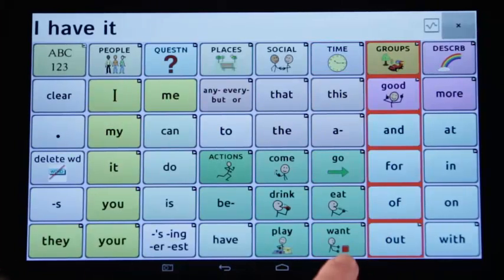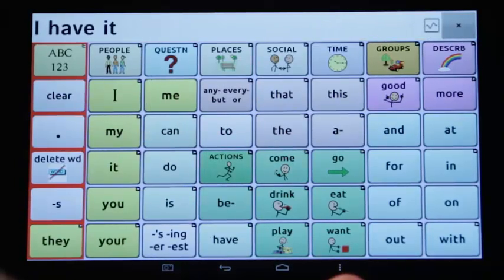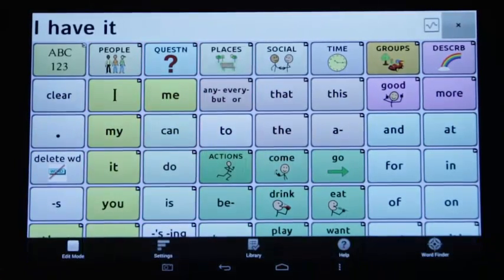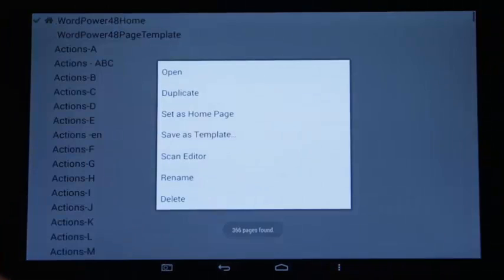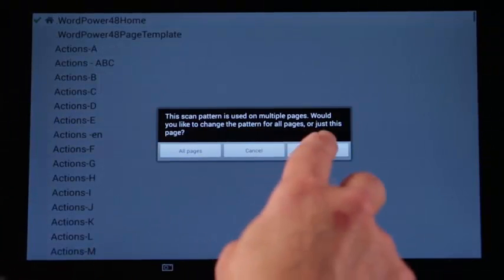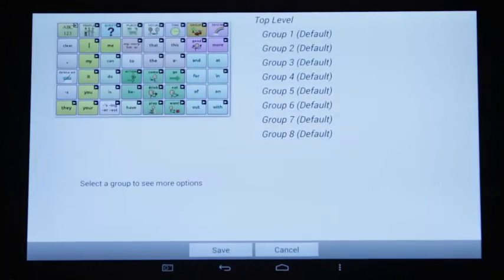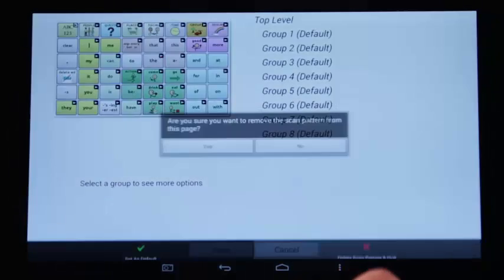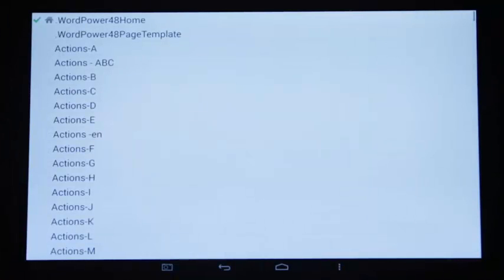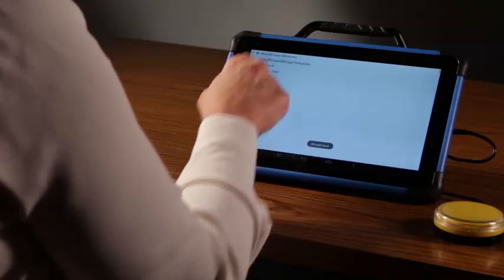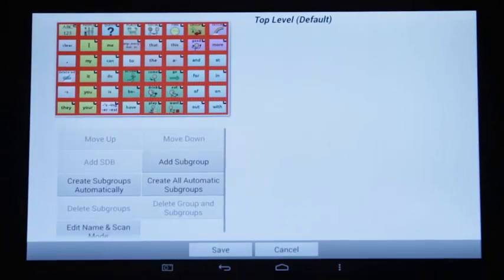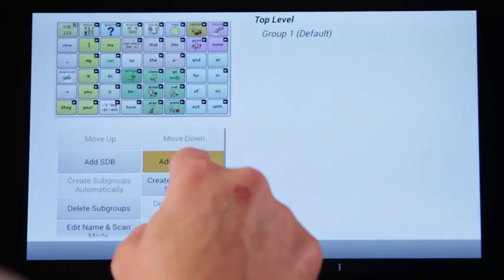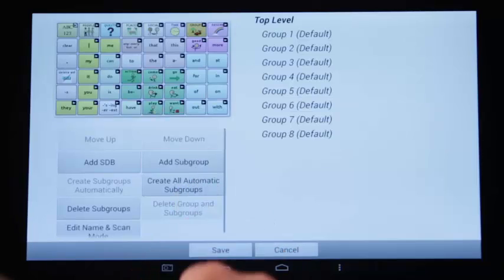I will go back in the file and delete the scan pattern to start over with the option to apply to all pages. Tap Menu, Edit Mode, Pages, tap WordPower home page and Scan Editor. Tap Menu, Delete Scan Pattern and Quit. Tap Yes. Now to set up to apply to all pages from the start, we can tap WordPower 48 home page, Scan Editor and All Pages. I will demonstrate the same pattern creation: Add Subgroup 8 times and then define them by column. Tap Save and try it out.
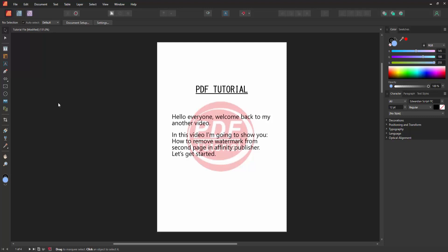Assalamu alaikum. Hello friends, how are you? Welcome back to another video. In this video, I'm going to show you how to remove a watermark from the second page in Affinity Publisher. Let's get started.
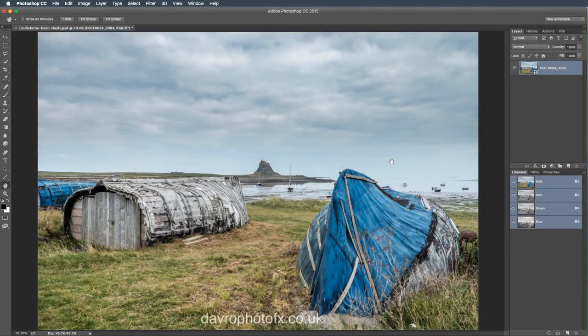I took this picture on Lindisfarne. We've got Lindisfarne Castle here in the distance. We've got these rather fantastic old boats which have been cut in half, turned upside down and converted into sheds. Lindisfarne is a small little island. It's reached by a causeway when the tide goes out. It is off the Northumberland coast, right up in the northeast of England. Absolutely stunning up there.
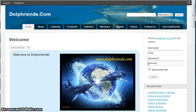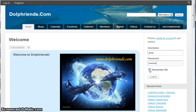If this is your computer and only you will be using it, you might want to click on remember me. But if you're using a library computer or a friend's computer, if it remembers your password the next time they get on the computer they can be you, and you don't want them having that kind of fun.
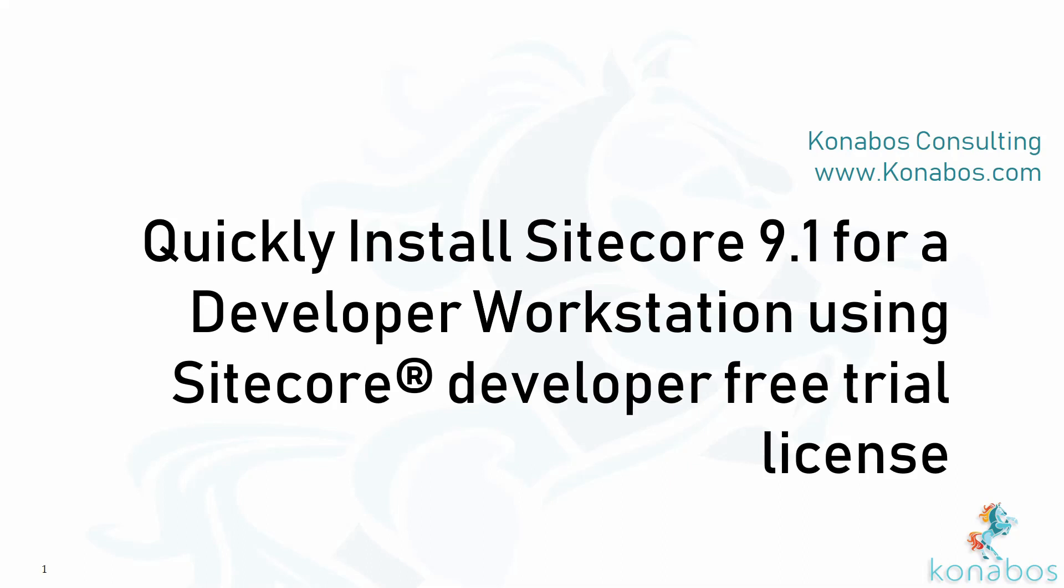Hey guys, we're going to take a look at how to install Sitecore 9.1 for a developer workstation using the Sitecore developer free trial license.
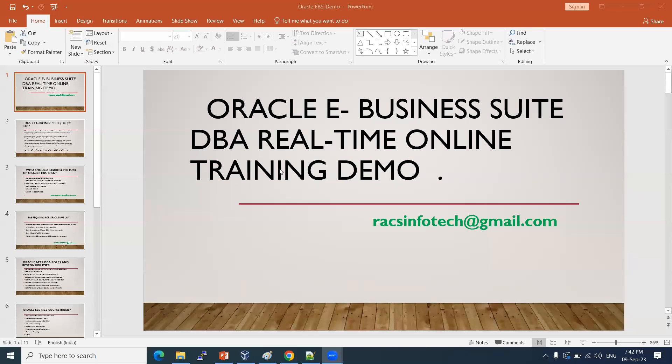Welcome all. In this session, I'm going to demonstrate Oracle E-Business Suite DBA training.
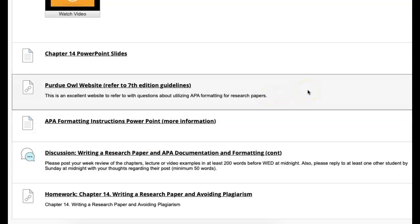Remember, it's Wednesday at midnight when it's due by, and then your follow-up post to a student will be due the following Sunday. So the Wednesday is the 22nd, and the Sunday is the 26th.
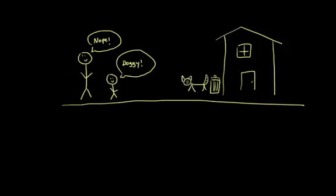And so in order to really understand what this new creature is, the child has to accommodate. They have to think, 'Okay, well, now I know that not all furry, four-legged animals are dogs. Some are raccoons. And they are not always friendly.'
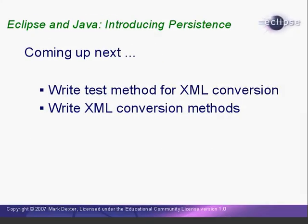In this lesson, we have added the XStream XML library to our project, learned how to browse the Java language source code, and added a method to make it easy to create a test MyLibrary object. At this point, we are ready to write our test method for the ConvertToXML and ConvertFromXML methods, and then write the actual methods. And that is what we will do in the next lesson. This is the end of Lesson 6. I am Mark Dexter saying so long for now.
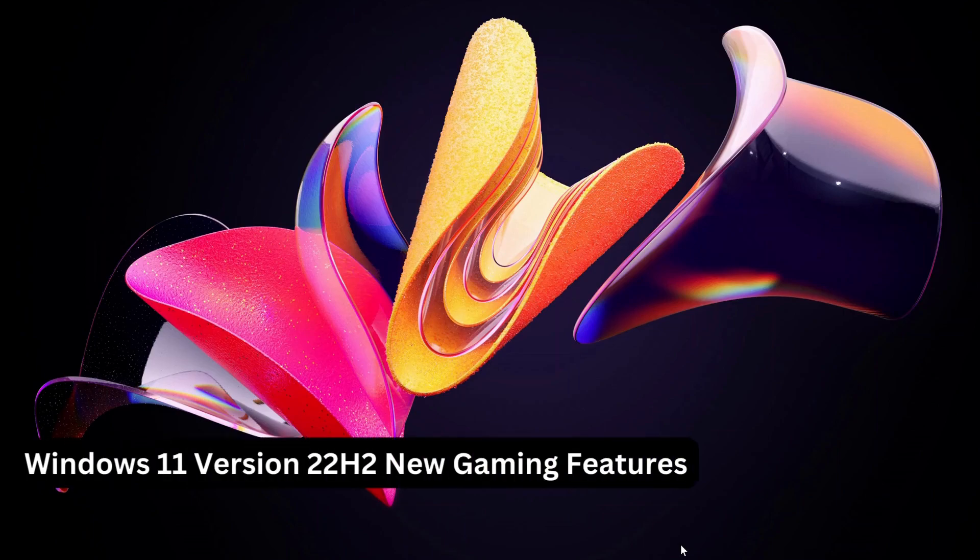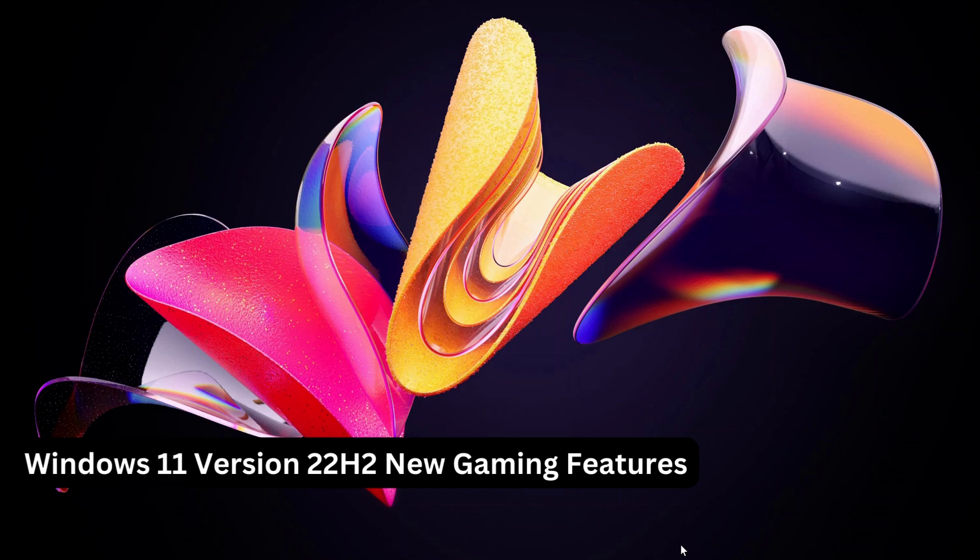Hello everyone. This quick video is about the new feature for gaming in Windows 11 version 22H2, which will help you improve gaming performance on your device. I'll show you how to turn on this option. Let's jump into it.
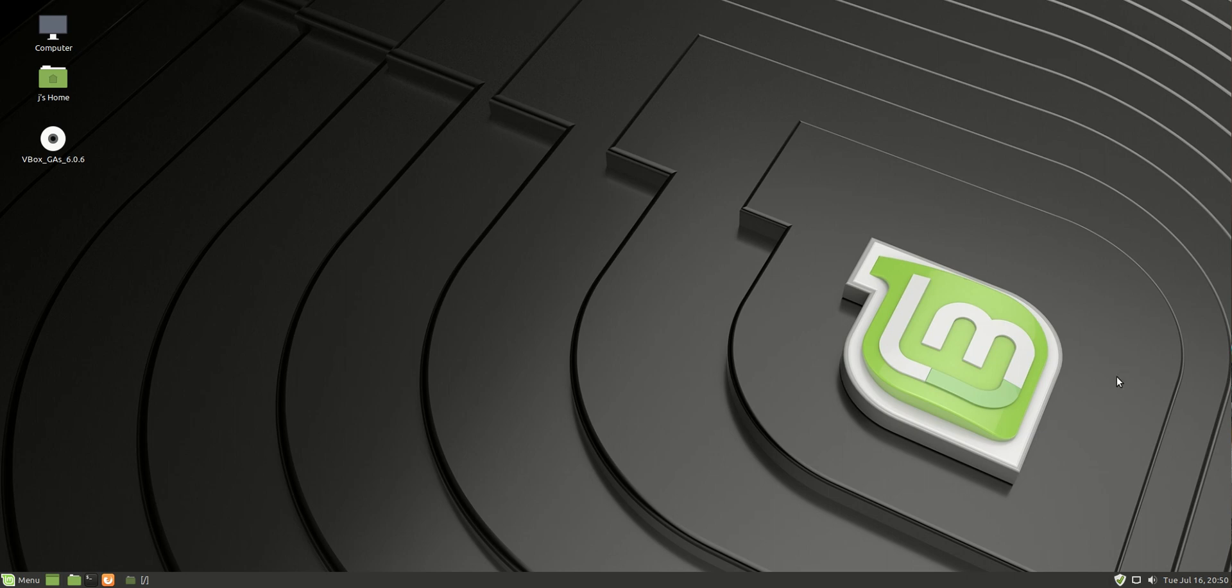Good day, YouTube. This is just a quick, fun look at the latest release of Linux Mint 19.2, Mate edition.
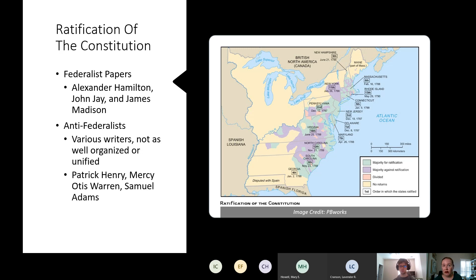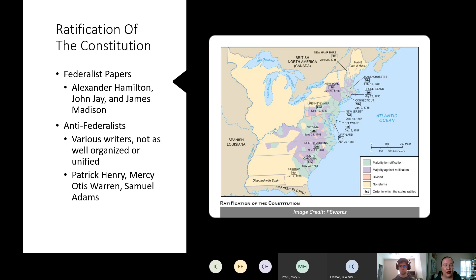Anti-federalists felt the constitution gave the national government too much power and argued power should be distributed more to state and local governments. Some opposed to slavery objected that slavery was protected in the constitution. Others argued it was impossible for a large nation to function with a single national congress — how can you have the same system of laws governing Massachusetts and South Carolina? But the biggest complaint was that the constitution did not explicitly state what rights citizens had, since traditionally in Britain there was the notion of the 'rights of Englishmen.'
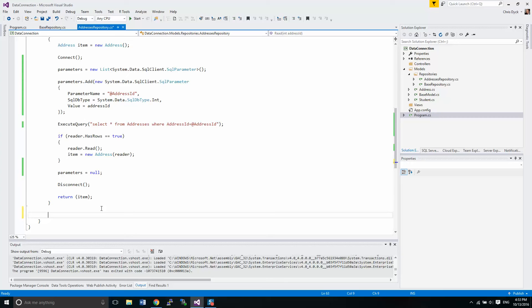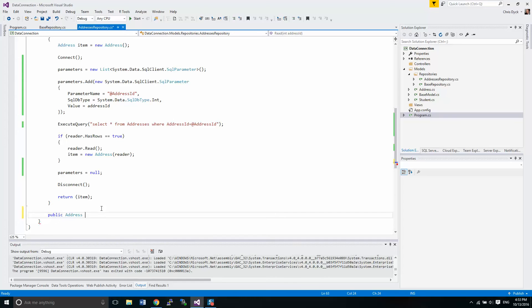So when we start creating our create method, what we obviously want to do is give it some information so that we can create an address and populate the database. But we also want to return the result from populating that database. When we're creating an entity on a database, we don't have a key column yet — we just have all the data we're feeding into it. When the information is input, the database will send us back its identity column, which in this case is the address ID.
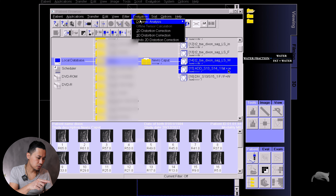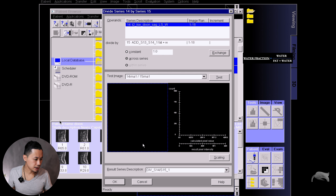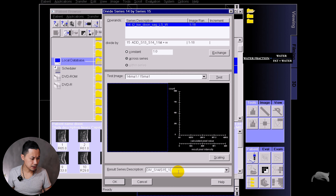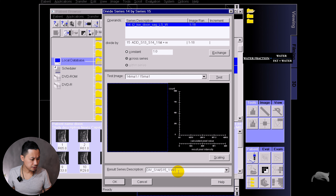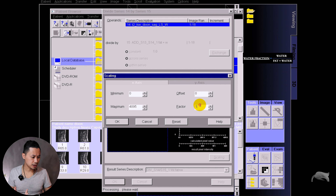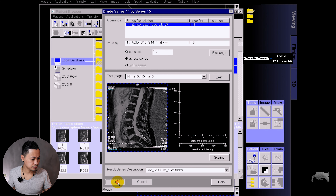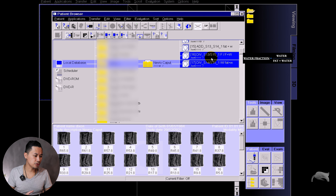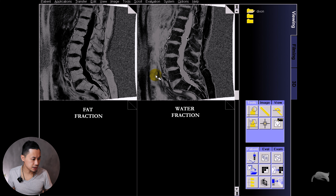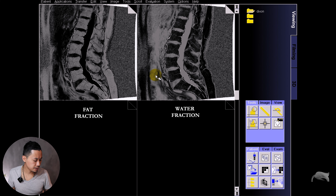Now we're going to do another step — getting the water quantification. The equation for this one is water divided by fat plus water. So what you're going to do is mark fat plus water and the water images, go to Dynamic Analysis, Divide, and then Exchange so the equation becomes water divided by fat plus water. Rename it 'water divided by fat plus water,' then go to Scaling, put 1000 there, and do a test to check — the images seem correct.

------------------------------------------------------------------------

PROBLEM DETAILS: In the material above, one part opens with the line containing "I took this" and closes with the line containing "And so in order". Write out that part exactly and skip its pictures.

WRITTEN ANSWER:
I took this picture on Lindisfarne. We've got Lindisfarne Castle here in the distance. We've got these rather fantastic old boats which have been cut in half, turned upside down and converted into sheds. Lindisfarne is a small little island. It's reached by a causeway when the tide goes out. It is off the Northumberland coast, right up in the northeast of England. Absolutely stunning up there.
If this is your computer and only you will be using it, you might want to click on remember me. But if you're using a library computer or a friend's computer, if it remembers your password the next time they get on the computer they can be you, and you don't want them having that kind of fun.
Hey guys, we're going to take a look at how to install Sitecore 9.1 for a developer workstation using the Sitecore developer free trial license.
Welcome all. In this session, I'm going to demonstrate Oracle E-Business Suite DBA training.
Remember, it's Wednesday at midnight when it's due by, and then your follow-up post to a student will be due the following Sunday. So the Wednesday is the 22nd, and the Sunday is the 26th.
And so in order to really understand what this new creature is, the child has to accommodate. They have to think, 'Okay, well, now I know that not all furry, four-legged animals are dogs. Some are raccoons. And they are not always friendly.'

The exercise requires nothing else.